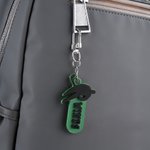 Gepersonaliseerde ijshockeystick sleutelhanger met 3D-gedrukte naam Game Day verjaardagscadeau voor hockey liefhebbers sportliefhebbers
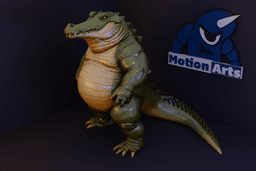 Jacare.stl 3d model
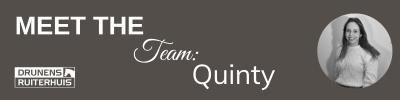 Meet the Team: Quinty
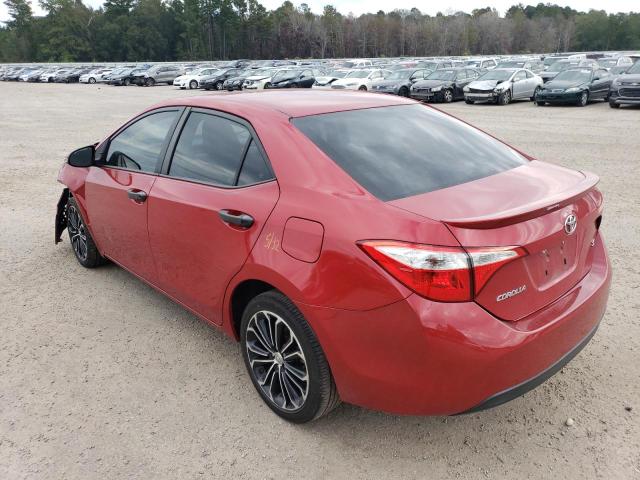 Photo 3 from auction – 2015 TOYOTA COROLLA L with VIN 2T1BURHE7FC288731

### Task
The lines to be extracted begin at the line containing "Meet the Team: Quinty" and continue through the final line of the material above, both ends included. Reproduce them exactly, without the pictures.

### Response below
 Meet the Team: Quinty
 Photo 3 from auction – 2015 TOYOTA COROLLA L with VIN 2T1BURHE7FC288731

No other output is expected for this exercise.